I have often wondered what Dickens would have made of the musical, Oliver. There he was, writing a serious critique on London society and the workhouse, only to see it better known today as an all-singing, all-dancing extravaganza.
Dickens Unplugged is the new show by Adam Long, a founder member of the Reduced Shakespeare Company, whose Complete Works of Shakespeare (Abridged) occupied the Criterion Theatre for near on a decade. Given this, I was not expecting reverence for the man and his writing.
The production opens with a number by ‘the biggest Charles Dickens tribute band in Santa Cruz’ who proceed to perform the whole of Oliver in two minutes, loosely basing their music on Lionel Bart’s own score, so Oliver sings “where is lunch?” and Nancy sings “As long as he beats me”. Then Dickens himself turns up and harangues the group for making light of his work.

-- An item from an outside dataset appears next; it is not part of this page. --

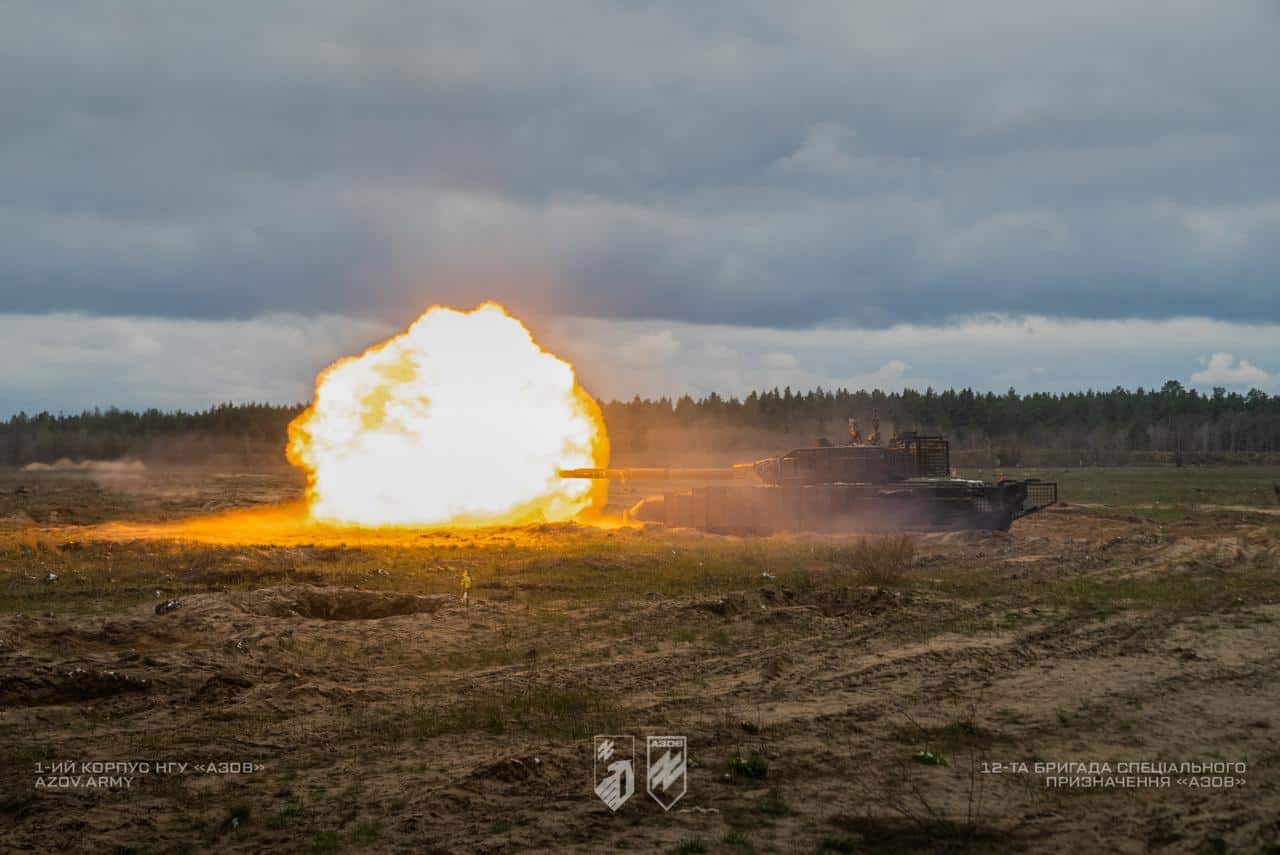 Стрільба з танку Т-72 зі складу 12-ї бригади спеціального призначення "Азов"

This sets the tone for the evening. Yes, Dickens Unplugged is silly stuff, not to be taken too seriously, but Long brings in elements of Dickens the writer and lets the audience see how what happened in his own life influenced the characters in his novels.
When David Copperfield is performed, we actually see Mr Micawber challenging Dickens over why he had to put him through so much. To most questions, Dickens answers because that’s what people really went through, but for one he has to concede ‘because it was funny’. It reveals perfectly how Dickens’ favouring of the grotesque in his works derived from a need to temper hard-hitting representations of real life with marketability. In addition, Dickens’ marrying of David Copperfield to the ‘bimbo’, Dora Spenlow, is shown to represent his own first ‘disastrous’ marriage.
These moments of attempted insight are paired with moments of crude humour including a parody of A Christmas Carol in which Tiny Tim’s crutch doubles as an electric guitar.
The show is performed by a talented five-man cast who each play many parts with energy and a notable slickness. The music is hardly Sondheim (or even Lloyd Webber) but the simple folk melodies serve their purpose in bringing out the humorous lyrics. With the band consisting of guitars, a double bass and a man hitting his hand on a suitcase for rhythm, the music really is unplugged.
As with Long’s shows for the RSC, there are numerous references to other works, from Jerry Springer: The Opera to Sondheim’s Sweeney Todd. But this current production is not in the same league as Long’s Shakespeare show. Three of the novels are condensed into minute long songs; fine in the case of Bleak House and The Old Curiosity Shop, but a serious mistake in the case of Great Expectations. There is so much comedy potential, and the piece is so well known, that Long is missing a whole host of tricks by rushing through it so quickly.
Dickens Unplugged is no masterpiece, and if you’re looking for great comedy, biting parody, or first class music, it is probably one to miss. But if, on the other hand, you are content to have a fun evening that scores not too badly on all of these criteria, then you could certainly do worse.